Entries shown Start Marker

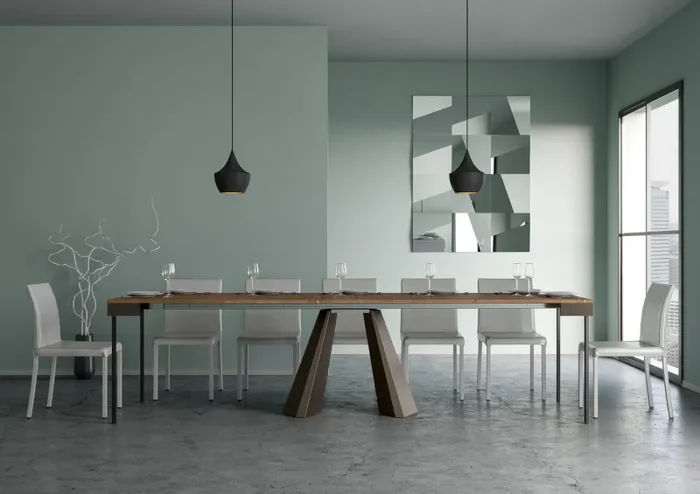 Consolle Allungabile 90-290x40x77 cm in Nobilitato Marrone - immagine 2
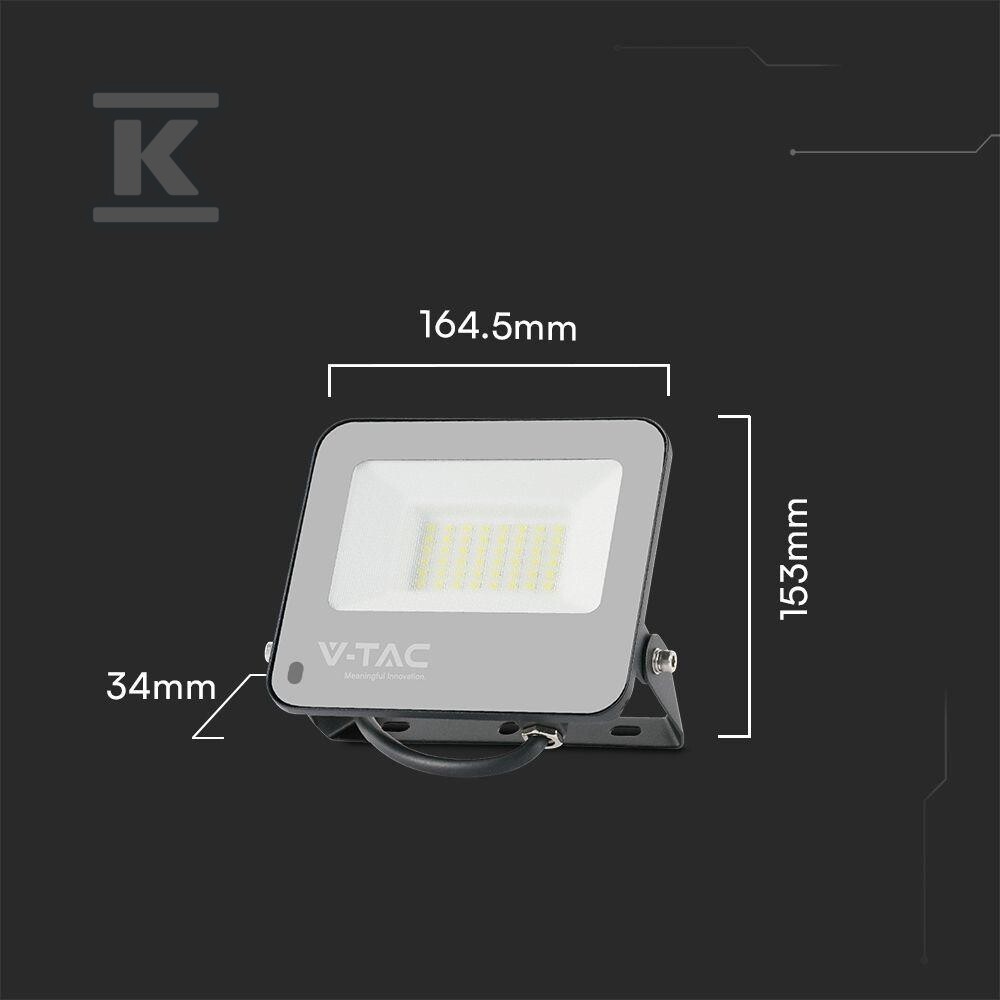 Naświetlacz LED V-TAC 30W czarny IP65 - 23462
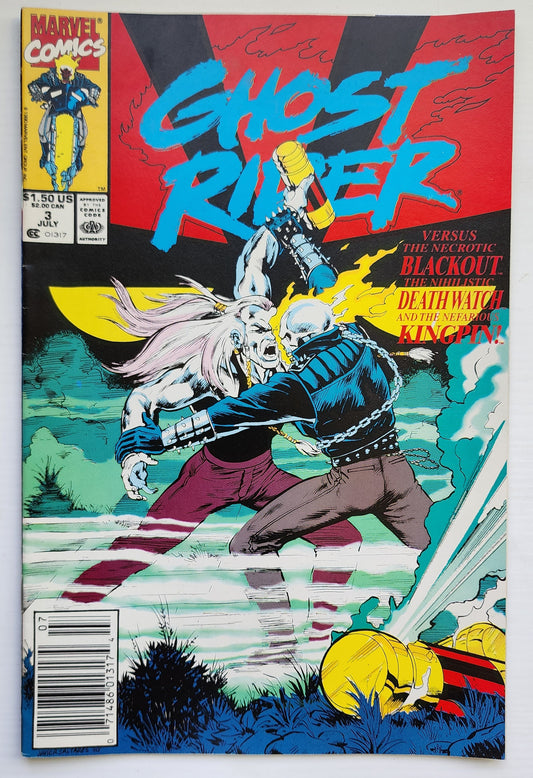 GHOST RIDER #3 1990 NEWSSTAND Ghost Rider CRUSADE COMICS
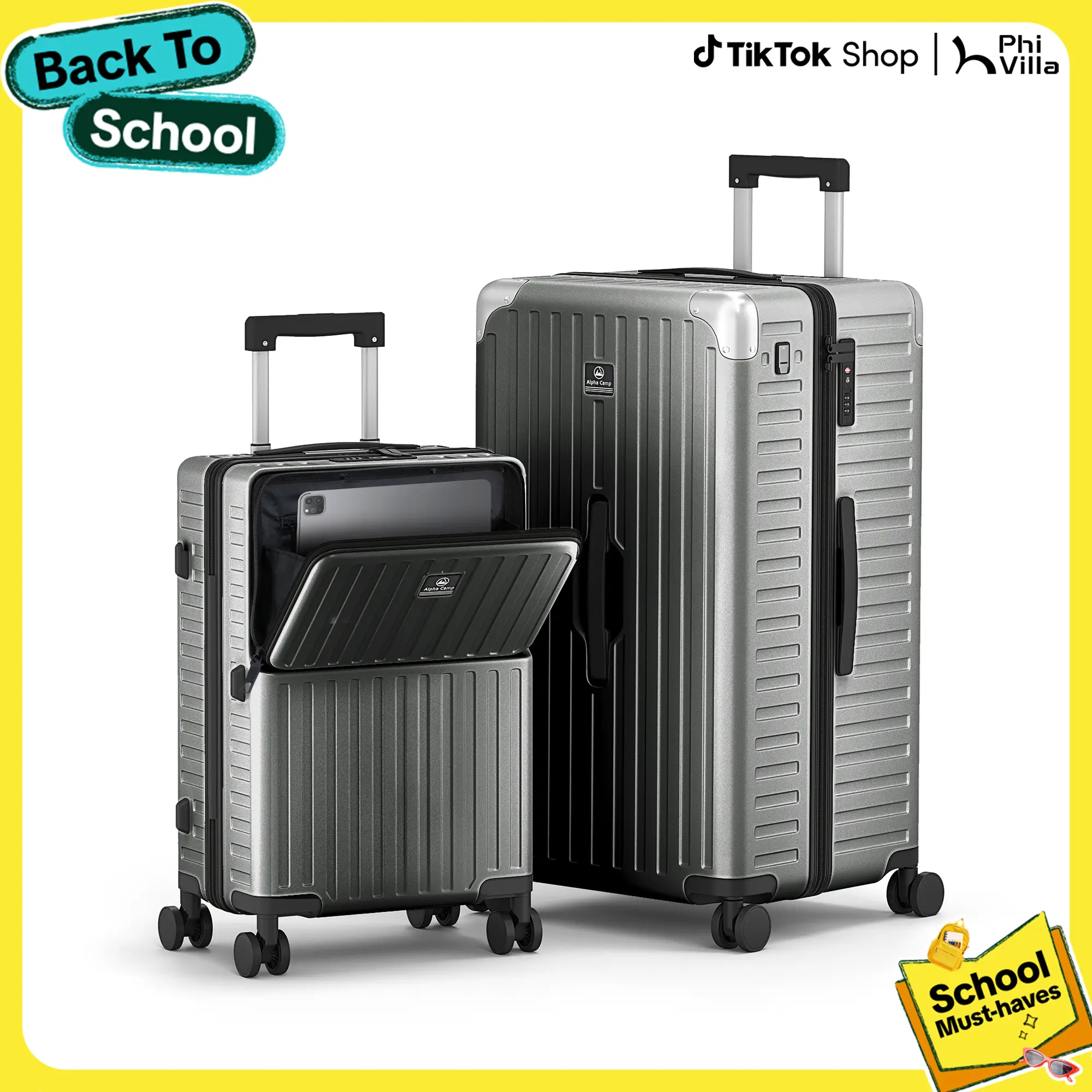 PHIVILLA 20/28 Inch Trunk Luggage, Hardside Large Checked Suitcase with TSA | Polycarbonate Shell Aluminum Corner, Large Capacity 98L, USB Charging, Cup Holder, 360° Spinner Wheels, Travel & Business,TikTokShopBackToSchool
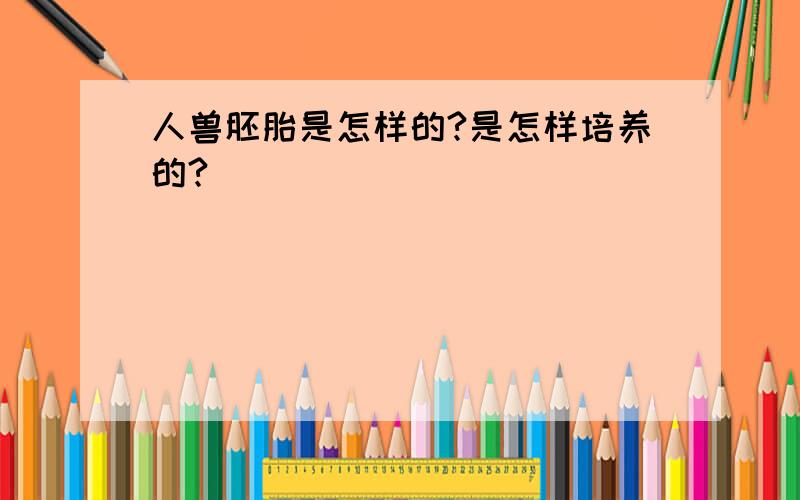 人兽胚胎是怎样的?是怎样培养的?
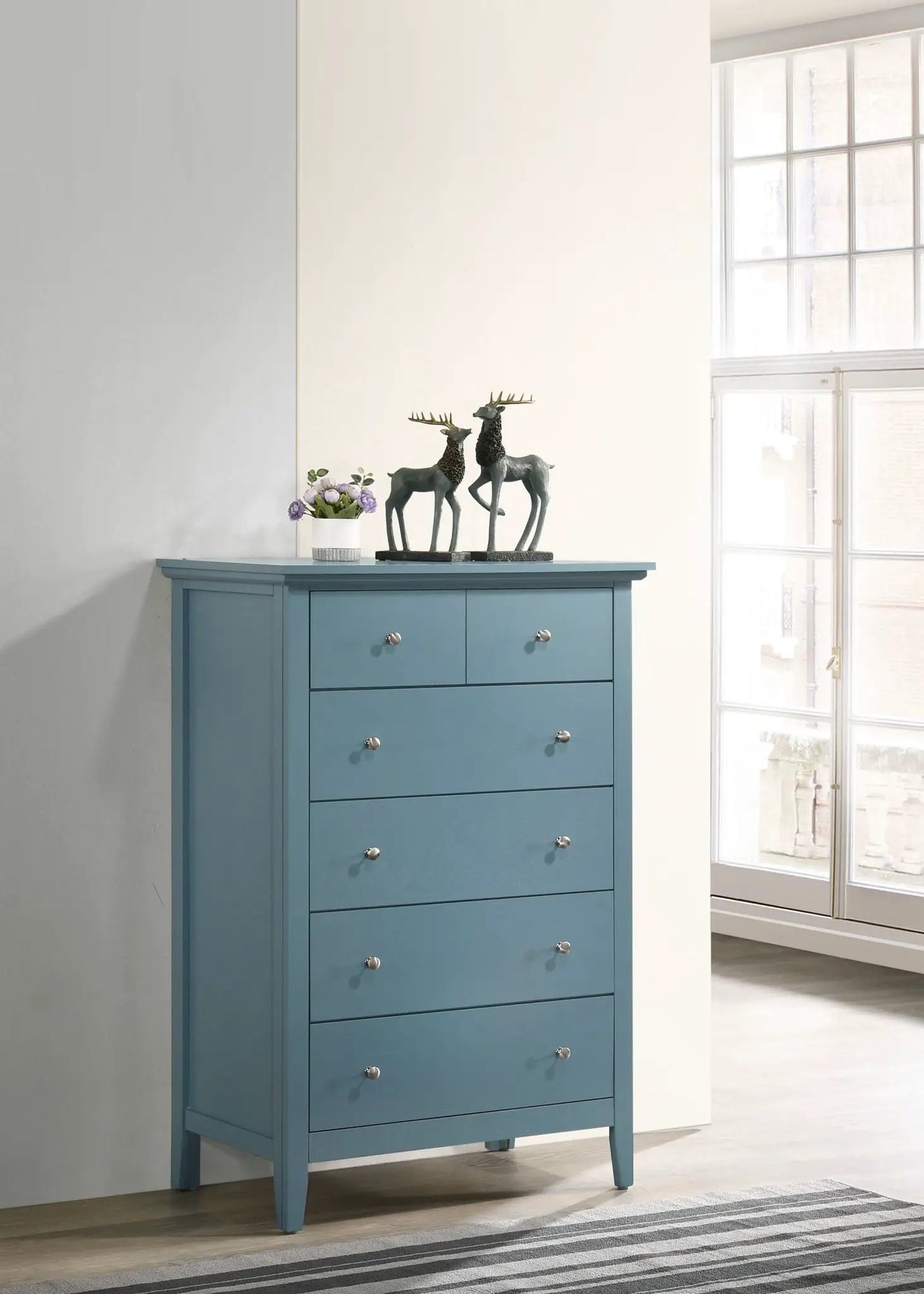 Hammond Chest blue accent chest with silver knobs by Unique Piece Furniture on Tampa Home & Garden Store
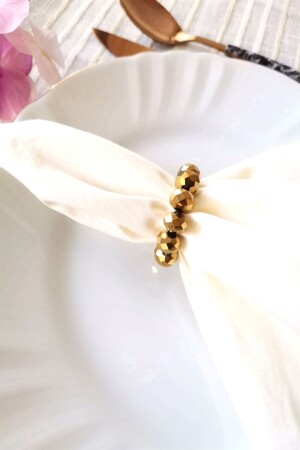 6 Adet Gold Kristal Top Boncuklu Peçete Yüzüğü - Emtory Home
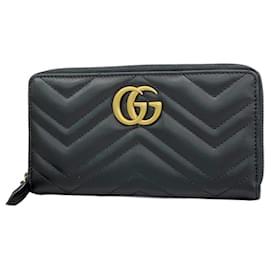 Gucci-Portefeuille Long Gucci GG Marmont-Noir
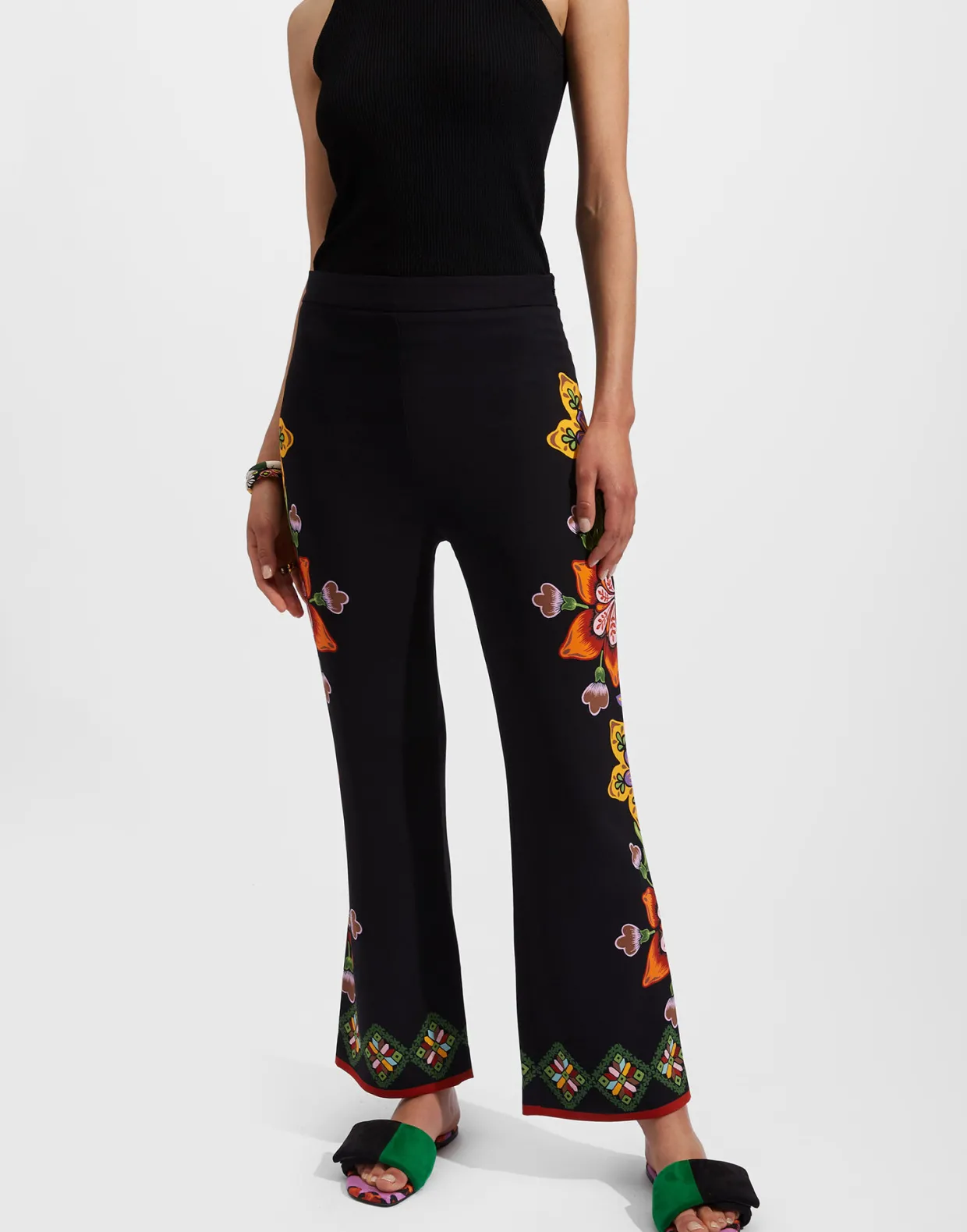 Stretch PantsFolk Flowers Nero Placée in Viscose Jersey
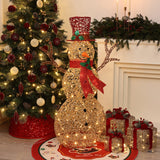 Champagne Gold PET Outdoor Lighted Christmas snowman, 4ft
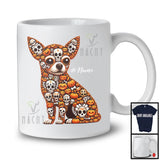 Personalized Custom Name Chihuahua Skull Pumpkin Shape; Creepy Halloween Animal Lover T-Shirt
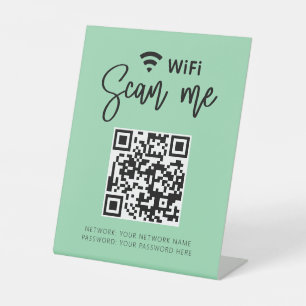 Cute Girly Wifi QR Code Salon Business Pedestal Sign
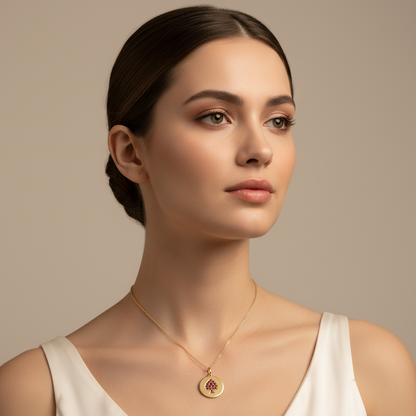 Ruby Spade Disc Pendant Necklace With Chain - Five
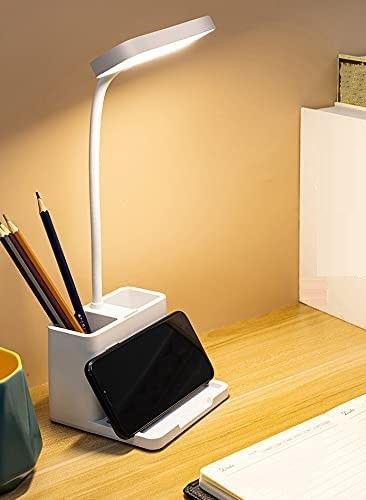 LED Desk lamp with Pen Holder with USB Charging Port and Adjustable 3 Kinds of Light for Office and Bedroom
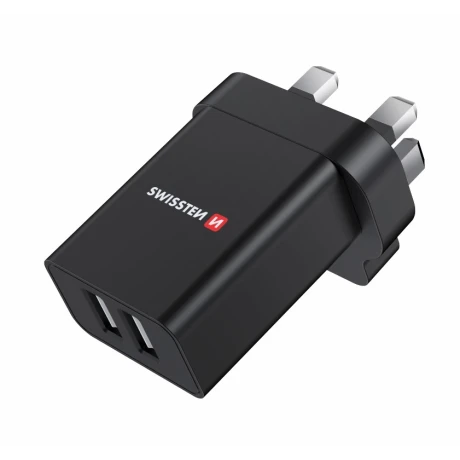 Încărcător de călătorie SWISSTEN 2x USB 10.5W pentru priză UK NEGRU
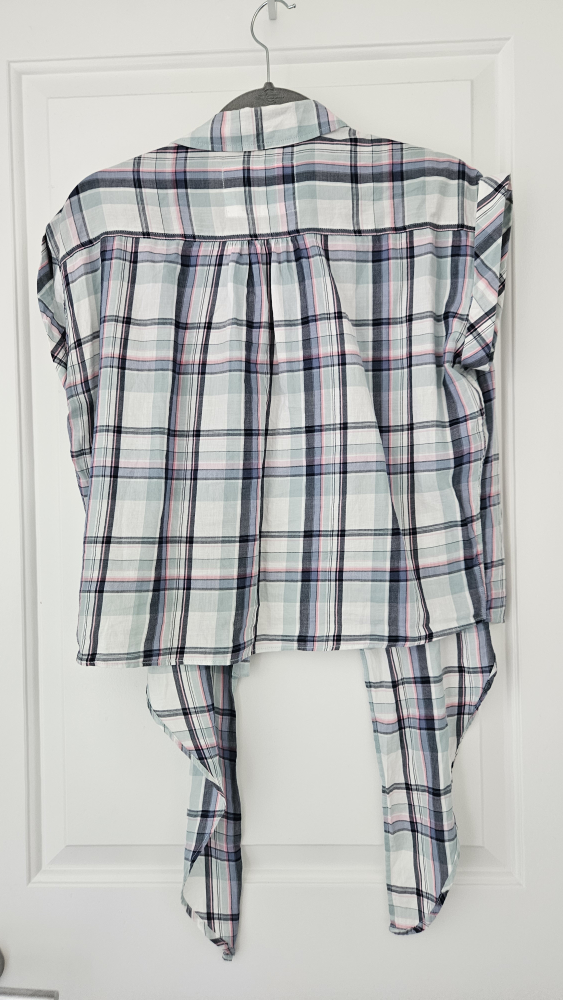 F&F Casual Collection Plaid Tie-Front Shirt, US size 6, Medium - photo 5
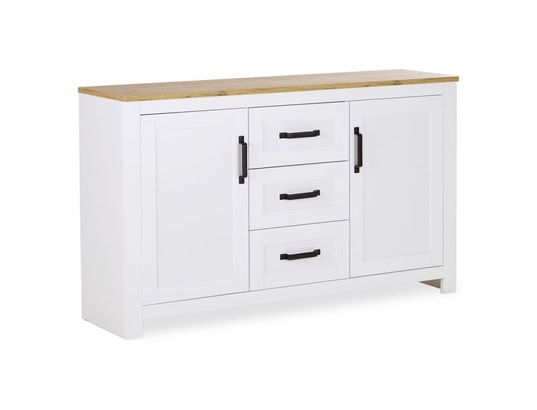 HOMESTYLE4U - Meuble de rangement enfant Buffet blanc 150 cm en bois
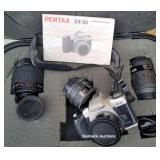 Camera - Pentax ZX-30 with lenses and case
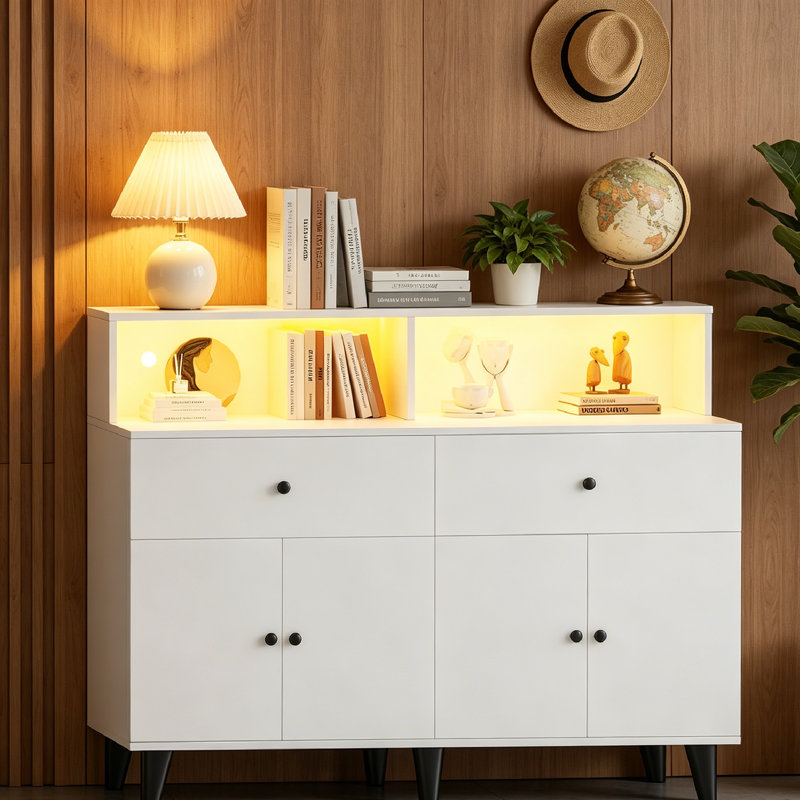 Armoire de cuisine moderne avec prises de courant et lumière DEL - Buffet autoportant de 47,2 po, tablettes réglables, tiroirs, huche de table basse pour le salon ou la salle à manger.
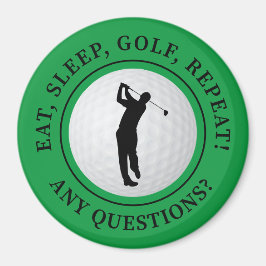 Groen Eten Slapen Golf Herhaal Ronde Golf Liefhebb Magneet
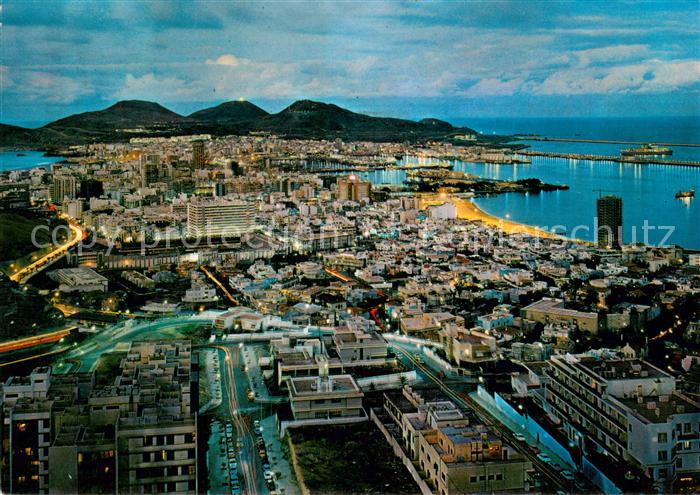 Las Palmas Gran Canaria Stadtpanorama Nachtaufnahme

Entries shown End Marker

- [Task]: Transcribe every line of the data exactly. No pictures go in the copy.

- [Answer to this task]:
 Consolle Allungabile 90-290x40x77 cm in Nobilitato Marrone - immagine 2
 Naświetlacz LED V-TAC 30W czarny IP65 - 23462
 GHOST RIDER #3 1990 NEWSSTAND Ghost Rider CRUSADE COMICS
 PHIVILLA 20/28 Inch Trunk Luggage, Hardside Large Checked Suitcase with TSA | Polycarbonate Shell Aluminum Corner, Large Capacity 98L, USB Charging, Cup Holder, 360° Spinner Wheels, Travel & Business,TikTokShopBackToSchool
 人兽胚胎是怎样的?是怎样培养的?
 Hammond Chest blue accent chest with silver knobs by Unique Piece Furniture on Tampa Home & Garden Store
 6 Adet Gold Kristal Top Boncuklu Peçete Yüzüğü - Emtory Home
 Gucci-Portefeuille Long Gucci GG Marmont-Noir
 Stretch PantsFolk Flowers Nero Placée in Viscose Jersey
 Champagne Gold PET Outdoor Lighted Christmas snowman, 4ft
 Personalized Custom Name Chihuahua Skull Pumpkin Shape; Creepy Halloween Animal Lover T-Shirt
 Cute Girly Wifi QR Code Salon Business Pedestal Sign
 Ruby Spade Disc Pendant Necklace With Chain - Five
 LED Desk lamp with Pen Holder with USB Charging Port and Adjustable 3 Kinds of Light for Office and Bedroom
 Încărcător de călătorie SWISSTEN 2x USB 10.5W pentru priză UK NEGRU
 F&F Casual Collection Plaid Tie-Front Shirt, US size 6, Medium - photo 5
 HOMESTYLE4U - Meuble de rangement enfant Buffet blanc 150 cm en bois
 Camera - Pentax ZX-30 with lenses and case
 Armoire de cuisine moderne avec prises de courant et lumière DEL - Buffet autoportant de 47,2 po, tablettes réglables, tiroirs, huche de table basse pour le salon ou la salle à manger.
 Groen Eten Slapen Golf Herhaal Ronde Golf Liefhebb Magneet
 Las Palmas Gran Canaria Stadtpanorama Nachtaufnahme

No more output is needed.